手老省三先生御退職特集


「手老省三先生の退職によせて」 新潟大学自然科学系 生駒 忠昭

「手老先生の御退職に寄せて」 信州大学全学教育機構 勝木 明夫


手老省三先生の退職によせて


新潟大学自然科学系 生駒 忠昭


 拳を軽く握り締め、直角に曲げた両腕を前後に揺さぶりながら、「サーッて。」と力強く息を吐く。お茶飲み休憩から研究活動に戻ろうとする際に手老研の学生がとるコミカルな仕草です。知ってか知らずかセミナー開始直前の手老先生も同じ仕草。どうやら、研究に没頭しようとするときの癖のようです。先生は、若い人達との議論を何よりも大事にされていました。データの信憑性・解析の妥当性・考察の論理について議論が続き、問題点に対する対応策が見つかるまでセミナーは終わりません。繰り返される試練を乗り越えた学生が無事卒業されたときなどは、ホッとした表情をされておられました。毎年続くこうしたやり取りを傍らで拝見し、「根気強いなぁ。短気な俺には務まらね〜や。」と良く感心したものです。

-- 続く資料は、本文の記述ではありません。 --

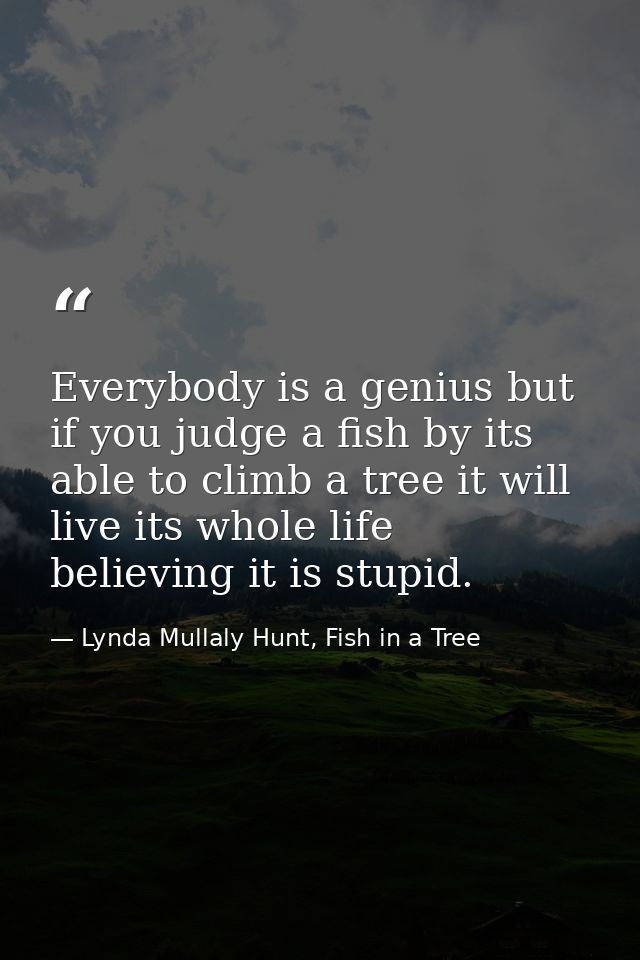 Everybody is a genius but if you judge a fish by its able to climb a tree it will live its whole life believing it is st — Lynda Mullaly Hunt, Fish in a Tree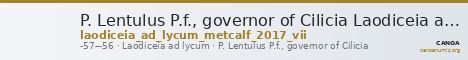 P. Lentulus P.f., governor of Cilicia Laodiceia ad Lycum Metcalf 2017 VII — CANOA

 研究室の創立当初、先生はバドミントン大会をしばしば催されました。バドミントンの腕前は冗談抜きで素人離れ。トーナメントでは常勝組み。しかし、その影でペアーを組んでもらう相手探しに、幹事は近隣の研究室を訪ね歩きました。毎回新メンバーが加わるため、大会後のコンパも盛り上がりました。おかげで、研究室間での実験器具の貸借は、気兼ねなくできました。ここまで先生が考えて大会を主催したかは定かでありませんが、明らかにバドミントン好きのおかげでしょう。

 先生の教養の広さについて言及するまでもありませんが、会食や飲み会の席では政治・経済・歴史・文化・芸術と多岐に渡ってお話され、周りがいつのまにか知的な雰囲気になっていました。しかし、博学がもたらす悪戯も沢山ありました。一番の功罪は、人を凍らせる親父ギャク。セミナー中の「塩が入っていない溶液じゃ、しぉうがないなぁ。」発言から芋煮会における「コンニャクを婚約者と今夜食う。」暴言まで、訳分からない駄洒落の数々。目を泳がせながら閉口している我々を気にも留めず、駄洒落の後は決まって大きな一人笑い。言葉遊びが上手な秘書とは連日駄洒落の応酬。微妙な緊張感の中、二人だけの世界が構築され、周りはいたたまれなくなってしまいました。駄洒落癖が高じてか、先生は現在俳句を楽しまれているとのこと。「へっ?!そうなの?!」と妙に納得するのは私だけではないはずです。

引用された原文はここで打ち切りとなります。